The data platform 102 is used for reporting and analysis of integrated data from one or more disparate sources including the storage devices 1 to N within the data storage system 106. The data platform 102 hosts and provides data reporting and analysis services to multiple consumer accounts. Administrative users can create and manage identities (e.g., users, roles, and groups) and use privileges to allow or deny access to identities to resources and services. Generally, the data platform 102 maintains numerous consumer accounts for numerous respective consumers. The data platform 102 maintains each consumer account in one or more storage devices of the data storage system 106. Moreover, the data platform 102 may maintain metadata associated with the consumer accounts in the metadata database 114 of the metadata system 116. Each consumer account includes multiple objects with examples including users, roles, privileges, a datastores or other data locations.
The compute service manager 104 coordinates and manages operations of the data platform 102. The compute service manager 104 also performs query optimization and compilation as well as managing clusters of compute services that provide compute resources (also referred to as “virtual warehouses”). The compute service manager 104 can support any number and type of clients such as end users providing data storage and retrieval requests, system administrators managing the systems and methods described herein, and other components/devices that interact with compute service manager 104. As an example, the compute service manager 104 is in communication with the client system 112. The client system 112 can be used by a user of one of the multiple consumer accounts supported by the data platform 102 to interact with and utilize the functionality of the data platform 102.
In some examples, the compute service manager 104 does not receive any direct communications from the client system 112 and only receives communications concerning jobs from a queue within the data platform 102.

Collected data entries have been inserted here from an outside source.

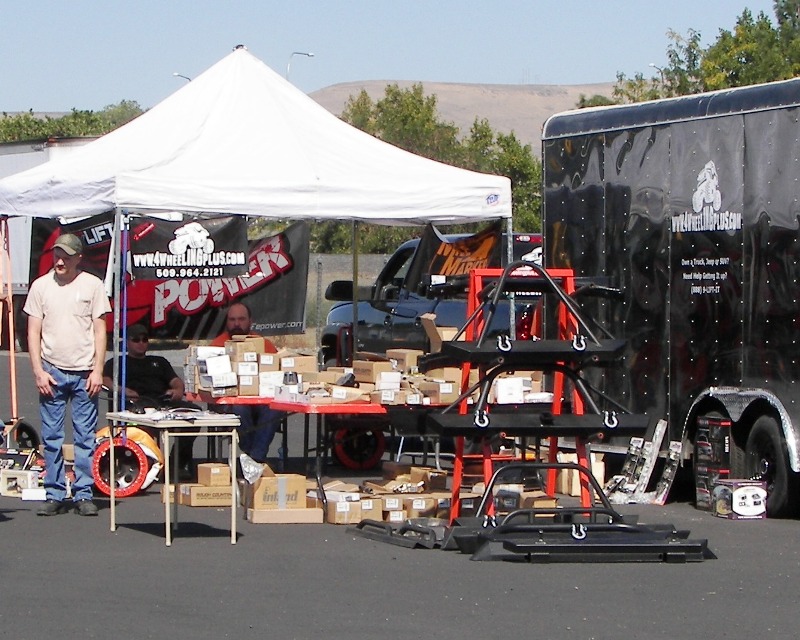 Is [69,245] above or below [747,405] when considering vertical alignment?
above

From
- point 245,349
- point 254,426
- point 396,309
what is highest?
point 396,309

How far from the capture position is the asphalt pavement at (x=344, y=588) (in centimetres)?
726

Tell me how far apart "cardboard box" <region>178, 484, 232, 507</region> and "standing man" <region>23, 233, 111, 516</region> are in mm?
1025

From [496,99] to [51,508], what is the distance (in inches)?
6438

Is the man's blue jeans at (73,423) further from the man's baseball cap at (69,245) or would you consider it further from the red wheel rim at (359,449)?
the red wheel rim at (359,449)

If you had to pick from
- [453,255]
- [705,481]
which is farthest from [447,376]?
[453,255]

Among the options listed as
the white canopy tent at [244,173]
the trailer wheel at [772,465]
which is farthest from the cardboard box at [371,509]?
the trailer wheel at [772,465]

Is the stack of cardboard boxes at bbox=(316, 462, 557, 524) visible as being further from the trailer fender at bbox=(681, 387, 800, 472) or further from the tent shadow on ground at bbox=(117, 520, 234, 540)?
the trailer fender at bbox=(681, 387, 800, 472)

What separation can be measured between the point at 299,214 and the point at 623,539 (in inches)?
168

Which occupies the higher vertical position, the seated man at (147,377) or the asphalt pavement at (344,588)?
the seated man at (147,377)

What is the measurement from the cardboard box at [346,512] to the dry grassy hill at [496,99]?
135715mm

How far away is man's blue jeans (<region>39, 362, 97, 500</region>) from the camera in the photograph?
11.0m

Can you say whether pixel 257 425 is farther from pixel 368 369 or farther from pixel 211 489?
pixel 368 369

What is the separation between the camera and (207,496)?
11.9 meters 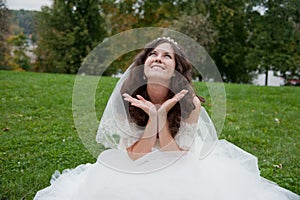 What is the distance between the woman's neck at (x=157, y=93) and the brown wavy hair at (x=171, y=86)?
30mm

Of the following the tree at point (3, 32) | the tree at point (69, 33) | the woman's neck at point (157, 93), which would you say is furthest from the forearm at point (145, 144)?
the tree at point (69, 33)

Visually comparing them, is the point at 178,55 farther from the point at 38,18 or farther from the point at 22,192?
the point at 38,18

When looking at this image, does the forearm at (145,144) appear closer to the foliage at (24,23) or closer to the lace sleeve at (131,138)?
the lace sleeve at (131,138)

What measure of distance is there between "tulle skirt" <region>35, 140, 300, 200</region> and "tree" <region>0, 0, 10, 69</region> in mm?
13546

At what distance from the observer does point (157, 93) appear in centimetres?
246

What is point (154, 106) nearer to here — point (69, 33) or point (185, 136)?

The compute service manager 104 is also coupled to metadata database metadata system 116. The metadata system 116 includes a metadata database 114 that stores metadata pertaining to various functions and examples associated with the data platform 102 and its users. In some examples, the metadata database 114 includes a summary of data stored in remote data storage systems as well as data available from a local cache. In some examples, the metadata database 114 may include information regarding how data is organized in remote data storage systems (e.g., the data storage system 106) and the local caches. In some examples, the metadata database 114 include data of metrics describing usage and access by provider users and consumers of the data stored on the data platform 102. In some examples, the metadata database 114 allows systems and services to determine whether a piece of data needs to be accessed without loading or accessing the actual data from a storage device.

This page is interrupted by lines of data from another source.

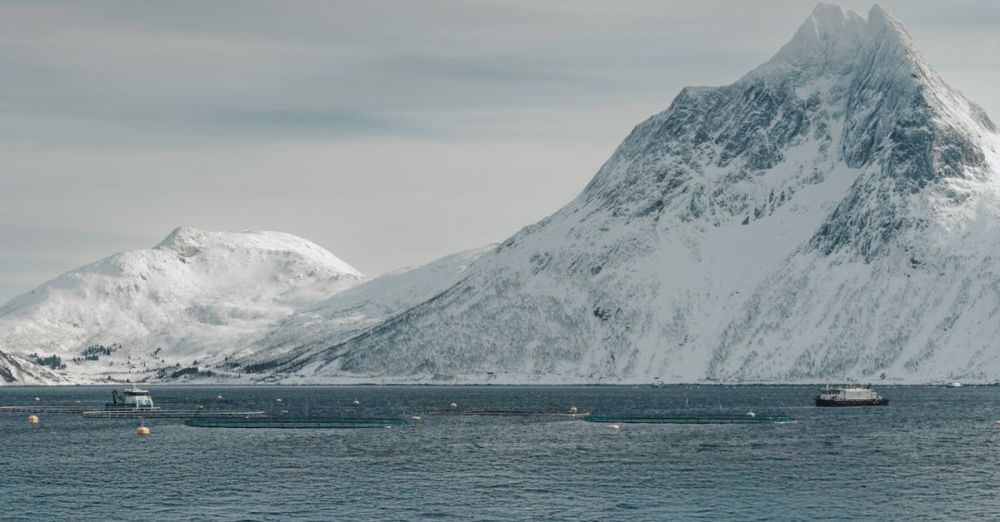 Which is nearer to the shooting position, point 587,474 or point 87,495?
point 87,495

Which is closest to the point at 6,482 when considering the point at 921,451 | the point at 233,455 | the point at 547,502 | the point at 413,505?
the point at 233,455

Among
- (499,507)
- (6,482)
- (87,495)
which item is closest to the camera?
(499,507)

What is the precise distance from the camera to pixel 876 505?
132 metres

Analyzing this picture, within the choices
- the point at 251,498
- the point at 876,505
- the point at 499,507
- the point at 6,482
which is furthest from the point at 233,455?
the point at 876,505

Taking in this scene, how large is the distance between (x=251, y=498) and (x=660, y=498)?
1676 inches

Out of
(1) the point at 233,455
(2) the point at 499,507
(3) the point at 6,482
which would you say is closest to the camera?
(2) the point at 499,507

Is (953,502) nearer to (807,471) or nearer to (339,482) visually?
(807,471)

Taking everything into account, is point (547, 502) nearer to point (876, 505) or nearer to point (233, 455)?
point (876, 505)

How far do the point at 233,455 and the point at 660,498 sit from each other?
2897 inches

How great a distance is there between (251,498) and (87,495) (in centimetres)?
1927

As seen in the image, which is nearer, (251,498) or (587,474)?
(251,498)

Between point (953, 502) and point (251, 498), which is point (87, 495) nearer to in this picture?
point (251, 498)

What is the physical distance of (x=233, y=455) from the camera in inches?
7323

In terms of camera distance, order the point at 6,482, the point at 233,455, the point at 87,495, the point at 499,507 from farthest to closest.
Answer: the point at 233,455 → the point at 6,482 → the point at 87,495 → the point at 499,507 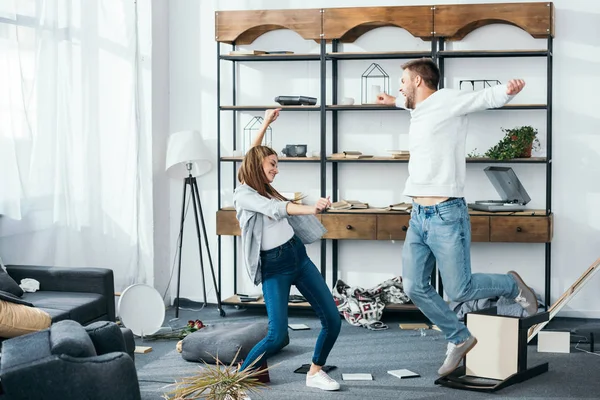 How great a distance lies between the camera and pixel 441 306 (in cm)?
463

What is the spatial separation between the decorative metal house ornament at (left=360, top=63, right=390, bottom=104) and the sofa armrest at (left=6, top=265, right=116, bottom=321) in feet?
8.18

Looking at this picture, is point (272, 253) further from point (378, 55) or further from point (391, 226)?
point (378, 55)

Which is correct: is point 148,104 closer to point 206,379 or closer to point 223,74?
point 223,74

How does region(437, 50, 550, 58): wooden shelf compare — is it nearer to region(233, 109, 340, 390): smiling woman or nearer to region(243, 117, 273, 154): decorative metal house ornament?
region(243, 117, 273, 154): decorative metal house ornament

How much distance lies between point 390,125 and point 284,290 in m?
2.89

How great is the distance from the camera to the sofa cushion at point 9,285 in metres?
5.27

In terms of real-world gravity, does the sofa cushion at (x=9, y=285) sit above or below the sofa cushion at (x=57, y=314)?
above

The compute service manager 104 is further coupled to the execution platform 110, which provides multiple computing resources that execute various data storage and data retrieval tasks. The execution platform 110 is coupled to the data storage system 106. The execution platform 110 comprises a plurality of compute nodes. A set of processes on a compute node executes a query plan compiled by the compute service manager 104. The set of processes can include: a first process to execute the query plan; a second process to monitor and delete micro-partition files using a least recently used (LRU) policy and implement an out of memory (OOM) error mitigation process; a third process that extracts health information from process logs and status to send back to the compute service manager 104; a fourth process to establish communication with the compute service manager 104 after a system boot; and a fifth process to handle communication with a compute cluster for a given job provided by the compute service manager 104 and to communicate information back to the compute service manager 104 and other compute nodes of the execution platform 110.
In some examples, communication links between elements of the computing environment 100 are implemented via one or more data communication networks. These data communication networks may utilize any communication protocol and any type of communication medium. In some examples, the data communication networks are a combination of two or more data communication networks (or sub-networks) coupled to one another. In alternate examples, these communication links are implemented using any type of communication medium and any communication protocol.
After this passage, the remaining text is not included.